I want to show that $\sum_{k=-N}^{N}e^{ikx}=\frac{\sin((N+\frac{1}{2})x)}{\sin(\frac{x}{2})}$ for $N\in \mathbb{N}$
Any tips on how to proceed?
I tried doing it in two ways:
First using the sum of polynomials formula:
($1+r+r^2+...+r^n=\frac{1-r^{n+1}}{1-r}$) while letting $r=e^{ix}$
but the calculation got too tedious.
Second by replacing $e^{ix}$ with Euler's formula directly, I get:
$\sum_{k=-N}^{N}e^{ikx}=1+2\sum_{k=1}^{N}\cos(kx)$
which isn't anywhere close the required result.

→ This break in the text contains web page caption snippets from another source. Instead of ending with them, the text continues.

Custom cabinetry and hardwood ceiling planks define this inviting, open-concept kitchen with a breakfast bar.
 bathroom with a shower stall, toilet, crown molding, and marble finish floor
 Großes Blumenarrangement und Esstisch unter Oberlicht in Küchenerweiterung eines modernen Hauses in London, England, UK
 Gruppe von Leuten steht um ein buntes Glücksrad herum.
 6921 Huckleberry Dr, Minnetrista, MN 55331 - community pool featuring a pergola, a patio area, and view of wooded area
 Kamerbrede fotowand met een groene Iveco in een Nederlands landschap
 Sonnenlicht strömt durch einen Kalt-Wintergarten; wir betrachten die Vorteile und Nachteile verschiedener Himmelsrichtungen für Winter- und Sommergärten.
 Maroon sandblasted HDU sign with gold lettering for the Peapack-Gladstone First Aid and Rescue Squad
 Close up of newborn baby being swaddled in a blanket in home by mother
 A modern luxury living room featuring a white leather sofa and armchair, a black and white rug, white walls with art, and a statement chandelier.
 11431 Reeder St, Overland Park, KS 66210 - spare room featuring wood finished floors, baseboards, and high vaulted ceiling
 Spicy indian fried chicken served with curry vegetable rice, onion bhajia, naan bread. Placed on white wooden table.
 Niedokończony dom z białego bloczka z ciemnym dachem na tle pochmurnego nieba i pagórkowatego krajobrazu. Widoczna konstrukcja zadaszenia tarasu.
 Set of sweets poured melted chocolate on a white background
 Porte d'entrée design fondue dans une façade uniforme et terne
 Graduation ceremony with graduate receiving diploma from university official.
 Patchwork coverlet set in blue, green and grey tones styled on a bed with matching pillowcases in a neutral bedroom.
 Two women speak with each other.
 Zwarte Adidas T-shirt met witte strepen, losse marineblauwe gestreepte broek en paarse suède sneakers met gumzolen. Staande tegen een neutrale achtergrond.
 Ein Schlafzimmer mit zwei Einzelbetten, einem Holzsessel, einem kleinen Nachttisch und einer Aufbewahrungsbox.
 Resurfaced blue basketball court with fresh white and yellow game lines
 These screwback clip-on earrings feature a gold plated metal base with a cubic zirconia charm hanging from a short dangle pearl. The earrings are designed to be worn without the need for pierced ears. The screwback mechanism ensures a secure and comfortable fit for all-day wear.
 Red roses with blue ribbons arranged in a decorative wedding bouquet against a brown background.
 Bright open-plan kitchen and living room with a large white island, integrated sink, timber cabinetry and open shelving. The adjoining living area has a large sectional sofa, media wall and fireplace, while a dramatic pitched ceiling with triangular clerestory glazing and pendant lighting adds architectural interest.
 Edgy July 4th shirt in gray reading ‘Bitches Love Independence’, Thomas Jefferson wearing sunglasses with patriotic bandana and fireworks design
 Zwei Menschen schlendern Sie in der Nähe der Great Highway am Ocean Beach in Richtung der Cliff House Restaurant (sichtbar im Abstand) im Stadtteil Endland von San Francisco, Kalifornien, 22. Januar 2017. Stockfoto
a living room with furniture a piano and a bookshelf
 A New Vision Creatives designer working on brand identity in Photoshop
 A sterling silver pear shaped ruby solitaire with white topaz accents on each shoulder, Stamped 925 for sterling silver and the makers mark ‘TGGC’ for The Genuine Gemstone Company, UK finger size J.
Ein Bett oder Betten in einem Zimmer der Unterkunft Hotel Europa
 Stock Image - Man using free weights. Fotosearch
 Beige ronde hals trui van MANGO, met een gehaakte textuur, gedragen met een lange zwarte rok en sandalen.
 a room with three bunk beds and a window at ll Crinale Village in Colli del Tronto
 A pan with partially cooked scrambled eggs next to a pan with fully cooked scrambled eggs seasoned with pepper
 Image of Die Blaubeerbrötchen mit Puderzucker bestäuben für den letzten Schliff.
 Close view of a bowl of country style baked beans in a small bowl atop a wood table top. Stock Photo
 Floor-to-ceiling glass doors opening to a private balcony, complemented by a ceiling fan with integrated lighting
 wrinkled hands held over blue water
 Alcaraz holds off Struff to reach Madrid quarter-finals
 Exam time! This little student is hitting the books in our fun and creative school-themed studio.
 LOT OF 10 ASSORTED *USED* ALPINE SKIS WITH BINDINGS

You gave up too soon on the geometric series. With $r = e^{ix}$,
$$\eqalign{ r^{-N} + r^{-N+1} + \ldots + r^N &= \frac{r^{N+1} - r^{-N}}{r-1}\cr &= \frac{r^{N+1/2} - r^{-N-1/2}}{r^{1/2} - r^{-1/2}}\cr &= \frac{e^{i(N+1/2)x} - e^{-i(N+1/2)x}}{e^{ix/2} - e^{-ix/2}}\cr &= \frac{\sin((N+1/2)x}{\sin(x/2)}}$$
Creative telescoping is (almost) always the answer. You may notice that
$$\left(\sin\frac{x}{2}\right)\cdot\left(1+2\sum_{k=1}^{N}\cos(kx)\right) = \sin\frac{x}{2}+\sum_{k=1}^{N}\left[\sin\left(\left(k+\frac{1}{2}\right)x\right)-\sin\left(\left(k-\frac{1}{2}\right)x\right)\right]$$ and easily draw your conclusions.